Stephen Crofts’ “Foreign Tunes?” analyses the reception of The Piano in reference to three modes of address: the aesthetic, the female Oedipus-oriented, and the colonialist. Discussing reviews from four countries, he finds that the female Oedipus-oriented features most significantly. While the “subjectivities addressed by The Piano are more female than male, and more feminist than masculinist”, he argues that the film “invites male viewing on the basis of an early common ground with female experience”. As might be expected, this essay has a Kristevan framework, but for those who find Kristevan analysis less than compelling, Crofts’s discussion of The Piano ‘s marketing as a crossover film is certainly worth a look.

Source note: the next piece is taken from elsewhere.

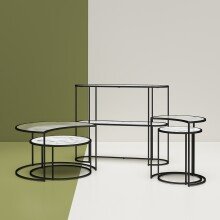 Satztisch >Halvor< (2er-Set) schwarz und weiß, MDF/Glas/Metall - 78x45x62cm (BxHxT)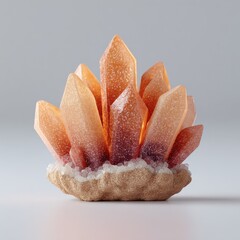 Orange crystals atop a textured base, against pale grey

John Izod’s largely Jungian interpretation of female identity in The Piano was for me the most unconvincing. As a reader educated in postmodernism 101, no doubt I have a bias toward “fragmentary” and decentred notions of identity. However, this essay’s drive towards unifying identity tends towards a description of the characters in the film as “real people” undergoing psychological development. Izod’s acceptance of Jungian male/female, animus/anima binaries also seems to open him to taking assertions such as “the deep relationship that many women have to nature” seriously.
Jane Campion’s The Piano offers a polished and well-chosen collection of essays examining the major issues that emerge from the film. It would be of value to anyone interested in Campion’s work and particularly useful as a reference for undergraduate work.